The settlements will pay individuals, businesses and government entities that purchased DRAM or devices containing DRAM from someone other than the manufacturer of DRAM in the United States or any of its territories from Jan. 1, 1998 through Dec. 31, 2002. In addition, defendants have agreed not to engage in the conduct that is the subject of the lawsuits, and have also agreed to compliance training and cooperation.
 
California cities that purchased computers, printers, or other electronic devices with DRAM memory between 1998 and 2002 are eligible to make a claim before Aug. 1, 2014 and could receive money from the settlements. Under the settlements, cities have the following options:
  • File a claim and, if qualified, receive a payment.
  • Ask to be excluded from the settlements. Under this option, a city will retain any rights it currently has to separately sue defendants for the conduct that is the subject of these lawsuits.
  • Object to the settlements. Cites can write to the court explaining why they do not like the settlements.
  • Attend the hearing and ask to speak in court about the settlements.
  • Do nothing and give up any rights it currently has to separately sue defendants for the conduct that is the subject of the lawsuit.  However, cities may still receive a payment.

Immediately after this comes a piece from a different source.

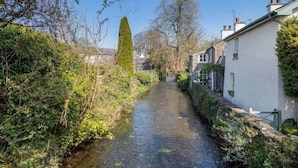 A narrow waterway flanked by lush greenery and traditional buildings. - Gatehouse Cottage, Cartmel (Cartmel)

The lawsuits stem from an investigation that was completed in 2006. In that year, California, with other states, filed an antitrust suit alleging that consumers over-paid for electronic devices containing DRAM chips for purchases made from 1998 to 2002. DRAM is a common form of memory chip found in computers and other information technology devices and home entertainment systems.
 
The settlement, reached in conjunction with class actions, pays individuals, businesses and state and local governments that purchased these chips or devices containing these chips in the United States between 1998 and 2002 from someone other than a DRAM manufacturer, such as retailers like Best Buy or Staples. The settlement also requires that these DRAM manufacturers implement antitrust compliance programs and enjoins them from certain conduct related to the sale of DRAM that would violate antitrust laws.